Habush Habush and Rottier

Thursday, February 6, 2014

Class Action Suit Filed Against Epic. Seriously.

A reader of this blog brought this to my attention: Epic hit with class-action lawsuit on overtime wages. It appears as though ex-Epic QAer, Evan Nordgren, was not properly paid time-and-a-half for overtime work during his tenure as an Epic Systems Corporation employee. Habush, Habush, and Rottier are representing the case, and they have a form on their website if you were a QAer in the last 3 years and would like to join the list of plaintiffs.

Wisconsin state law stipulates that all employees are eligible to earn time-and-a-half for overtime, unless they fall under certain exemptions. I remember looking at those exemptions years ago and deciding that Epic TS were sadly exempt from time-and-a-half. Nordgren's lawyer, William Parsons, believes otherwise about QAers.

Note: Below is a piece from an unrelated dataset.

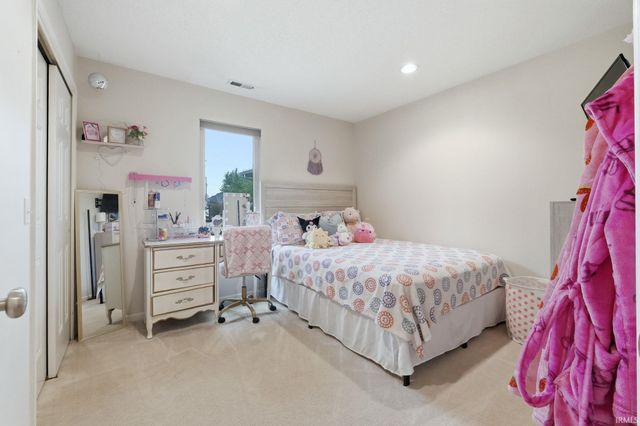 7534 Tipperary Trail, Fort Wayne, IN 46815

Epic had this to say in response, according to the numerous (albeit repetitive) articles I found on the subject:
We believe the lawsuit is without merit. We provide good, professional jobs to very talented people, and we value their contribution to improving health care. State and federal law make it clear that employees in computer-related jobs who primarily test software are appropriately classified as salaried professionals. That is precisely the role our quality assurance team performs.
After doing a quick calculation based on Wisconsin law DWD 274.04(15), if you work at Epic and make less than $53,460 yearly, you may be eligible for overtime pay (calculated by $23.67 hourly pay times 2000 hour work-year). As we all know, the 40-hour work week doesn't exist at 1979 Milky Way, so the real hourly wages for QAers are probably much less.

I'm very excited to see how this turns out. I'll post updates here as I learn more.

Update 4/7/14:
A commenter posted this on a separate page, but I thought it belonged here:
Epic recently responded to this internally. All new and current employees have to sign away their rights to litigation over wage and hour questions as a term of new/continued employment. An excerpt:

"I understand and agree that arbitration is the only litigation forum for resolving covered claims, and that both Epic and I are waiving the right to a trial before a judge or jury in federal or state court in favor of arbitration."

Caveat Emptor
 I did a brief search on the benefits of arbitration vs a trial. (Source: http://www.jdsupra.com/legalnews/arbitration-vs-bench-trial-55694/) Arbitration is more expensive than a trial, offers little ability to appeal, but offers more privacy. It's that last quality that I think Epic is more interested in. Everything they do internally is shrouded in secrecy, especially anything negative (like a lawsuit alleging they don't pay their employees fairly). Caveat emptor, indeed.

Update 12/4/14
I'm behind on posting this, but Epic settled the dispute.  Epic unsurprisingly admitted no guilt or wrongdoing, but did set aside $5.4 million for the settlement. With a class of around 1000 members, that boils down to at most $5400 per person. That's a bit over a single month's pay for your average QAer at Epic.


  1. Does anyone have a copy of the full PDF of the employer-employee arbitration agreement that Epic is imposing? (I understand that these comments are moderated, so I could contact the Administrator via a follow-up comment not intended to be published and provide him with my email address so he could send it to me). Many thanks!

  2. Can anyone provide a typical day/week in the life of a QA'er? I have hear there isn't much potential to move up or move to other positions within the company once branded as QA. Also, is it true that you have to log your hours/what you do? Any insider info on this position is much appreciated!

    1. Have not heard anyone in QA moving into different roles, but they claim that that is possible...i have heard however that moving between roles does not allow you to keep the raises you earned over time (e.g. despite being there for 5 yrs, moving from qa to ts means having a salary closer to new ts than 5 yr old ts.) Depending on your efficiency, how close you are to end of phase, and how well you know the material its between a 43 - 50 hour week.

  3. Boom shakalaka: http://host.madison.com/news/local/epic-reaches-million-settlement-with-former-workers-on-overtime-pay/article_f6432ba6-cc14-57f5-9339-294014f21795.html

  4. Wait - you were fired in 2011 and still have a blog about it?

    How incompetent were you? Don't you have anything better to do with your time?

    1. What don't you understand about this website? It allows those who have been unfairly let go (forced firing) from Epic and those who are considering working for this corporation to have a place to ventilate, and also to learn and be warned. This site is a valuable source of information for the open-minded. Life After Epic allows former employees the realization that they are not alone in how unfairly they were treated by this company. Epic cheerleaders are not forced to visit this site. By the way, the blog entries on this site are not that frequent, so the person (or people) writing the articles are obviously doing other things with his/her/their time, contrary to your accusation.